Abstract: In the global migration landscape, China has not been conventionally perceived as a destination country for immigration from abroad. Much scholarly and policy attention to date have focused on the ‘internal’ migration of rural migrant workers as part of the country’s rapid industrialisation and urbanisation. Yet, in its rise as a global economic power, China has become an emerging destination for international migrants from both developed and developing countries in recent years. For example, unofficial estimates of the number of African immigrants residing in Guangzhou, one of China’s largest coastal cities, are as high as 100,000-200,000 — many of whom have irregular migration statuses.
Increasing numbers of foreign migrants in some Chinese cities have seen the rise of a public discourse against the so-called ‘three illegalities’ (sanfei) of illegal entry, illegal residence, and illegal work.
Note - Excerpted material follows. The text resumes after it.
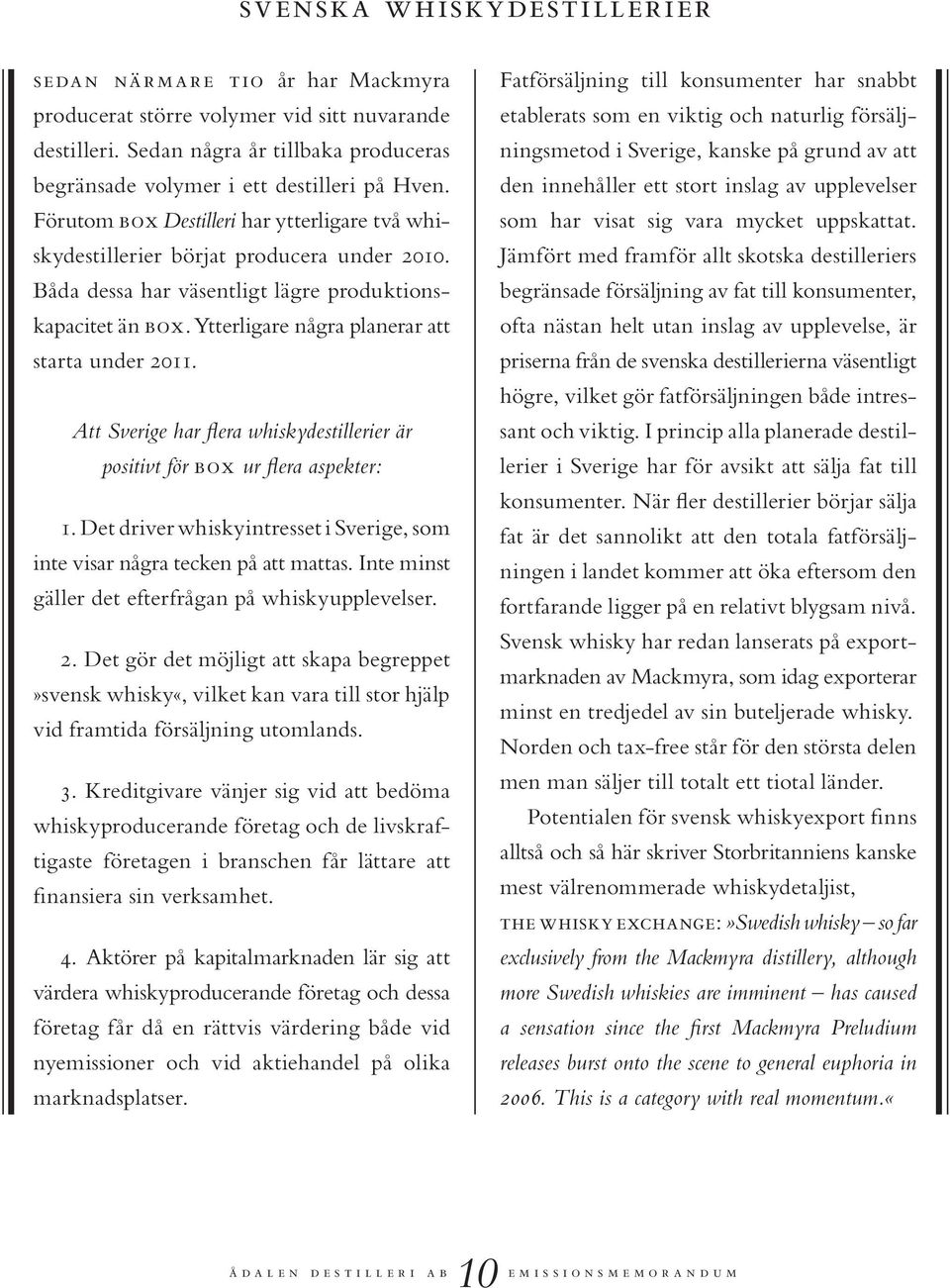 Ytterligare några planerar att starta under 2011. Att Sverige har flera whiskydestillerier är positivt för box ur flera aspekter: 1.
Against this backdrop, the enactment of the Entry and Exit Administration Law 2013 (EEAL) has been considered by policymakers as one of the most important immigration legislation to date for regulating new immigration patterns. The new law introduces a variety of restrictions on the entry, residence, and employment of migrants, penalties and sanctions for immigration breaches, and whistleblowing obligations on employers and members of the public to report ‘sanfei’ activities.
Drawing on comparative insights from the literature examining the relationship between precarious migration statuses and migrants’ vulnerability in the workplace, this paper analyses how several key features of the EEAL regime — situated in a socio-political context of ‘combating sanfei’ — can undermine migrants’ employment rights and protections. This analysis is contextualised in the growing ‘precarisation’ of the Chinese labour market. This paper breaks new ground by advancing knowledge and developing theoretical lens in a heavily under-examined field of inquiry concerning labour immigration in China, which is likely to become increasingly important in the near future as the country confronts the challenges of significant demographic shifts.
About the speaker: Professor Mimi Zou teaches at the Faculty of Law, the Chinese University of Hong Kong. She received her law doctorate (DPhil) and master's (BCL) degrees from the University of Oxford. Her current teaching and research interests are in employment law, contract law, and Chinese law. Before coming to CUHK, Professor Zou was Junior Dean of St John's College at University of Oxford, Lecturer and Research Fellow at Utrecht University, and Senior Tutor at Sydney Business School. She has held visiting positions at the Australian National University, Tsinghua University, Zhejiang University, Southwest University of Political Science and Law, Utrecht University, University of Sydney, and the University of Oxford.